Embarking on a $4 million fund drive, SOFH worked to raise the moneys to transform the estate by mid-2018 into hospice care. A compatible new wing added eight private rooms, each with a patio or small balcony, plus quiet sitting rooms and kitchenettes. Many of the ground-floor rooms have wide doors that open to the outside with a glass-wall sunroom. Today, the Holmes House has been remade into Holmes Park House, a 12-bed, standalone-residential care facility dedicated to hospice and comfort care. The grassroots, volunteer-driven nonprofit SOFH provides round-the-clock care to people who are terminally ill as well as private spaces for families to say goodbye.

With the 5,723-square-foot addition, the home also includes places for families to spend time and even nights, as if they were at a home. The organization estimates that 180 patients will be served by the facility each year, with an average stay of around 14 days.
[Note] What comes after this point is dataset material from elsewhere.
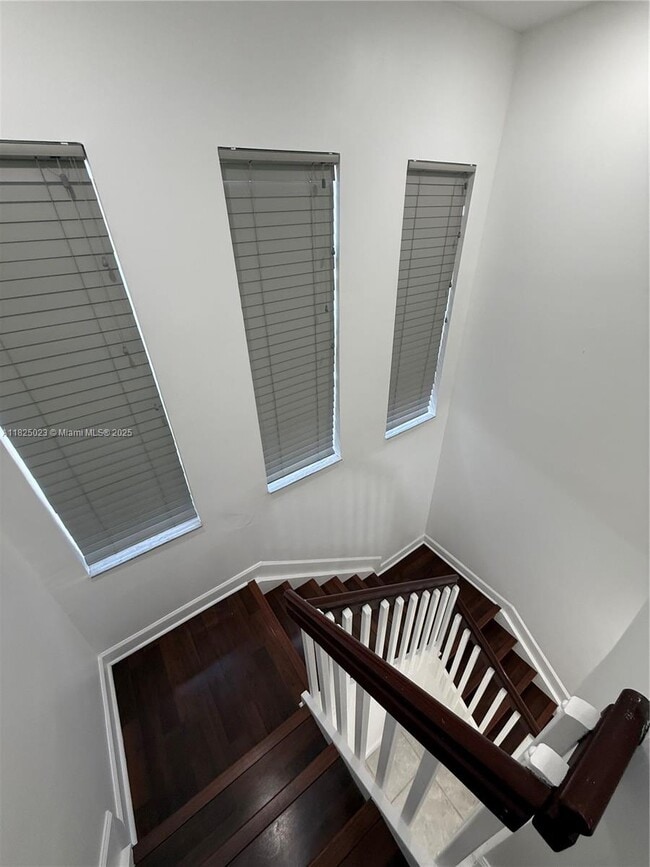 Building Photo - 8660 SW 161st Ave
Six of the beds are subsidized through a combination of funding from Medicaid and CareOregon, charity care, and the nonprofit’s Hospice Unique Boutique. Patients or their families will pay to use the other six.  
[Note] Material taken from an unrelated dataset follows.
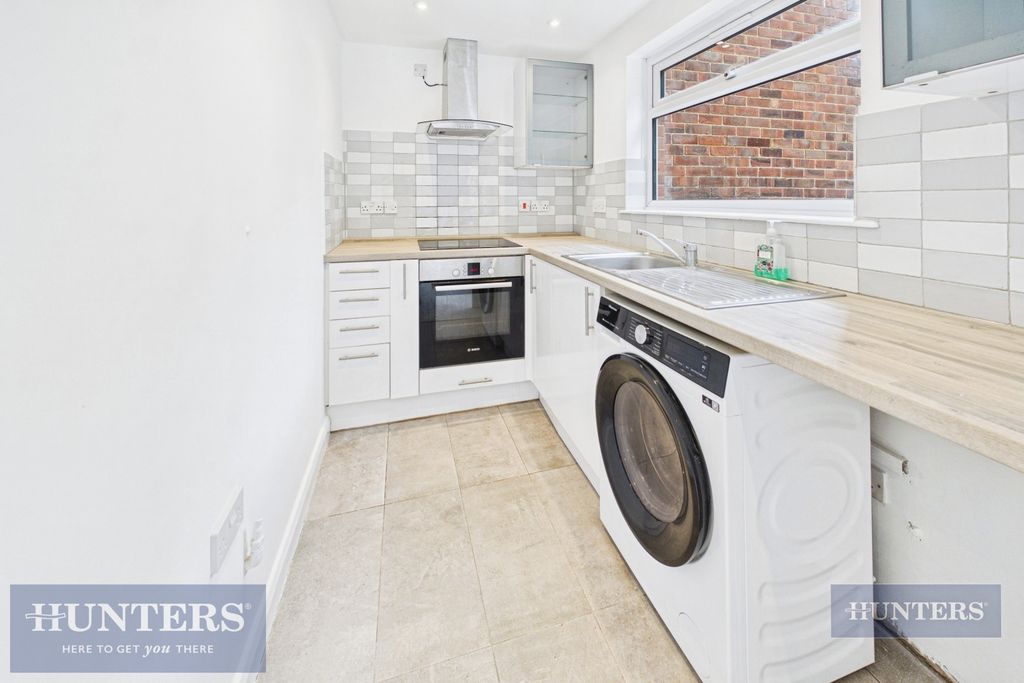 Property photo 1 of 10 Pbox-Img.Jpg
Hospice care is provided by employees from Asante, Providence, and other local hospitals trained in hospice care, all supported by volunteers who are trained in a culture of mindful caregiving. The resident support volunteers have undergone more than 30 hours of training to prepare for caring for families.  
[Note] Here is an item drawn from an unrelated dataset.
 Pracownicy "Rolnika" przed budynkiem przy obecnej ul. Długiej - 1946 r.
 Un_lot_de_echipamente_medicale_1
In 2017, Williams was awarded the prestigious American Institute of Architects Gold Medal, posthumously, for his more than three thousand projects. Frank Lloyd Wright also received AIA’s Gold Medal. The first licensed African-American architect west of the Mississippi, who fractured cultural barriers over his 50-year career, is now helping us think differently about environments for end-of-life care programs. And with a strong thanks to everyone with the Southern Oregon Friends of Hospice who have made this possible.  

 

 

Sources: Kaylee Tornay, “Renovated hospice house nearing fundraising deadline,” Mail Tribune, April 13, 2018, at Holmes House; Janet Eastman, “Harry & David mansion by famed architect becomes hospice facility,” The Oregonian, May 31, 2017, at Paul Franklin; John Darling, “Holmes Mansion converts to hospice,” Mail Tribune, May 16, 2016, at Hospice Purchase; Ethel Ann Ackerman, “Notes: A brief history of the Family,” September 18, 2017, Southern Oregon Friends of Hospice.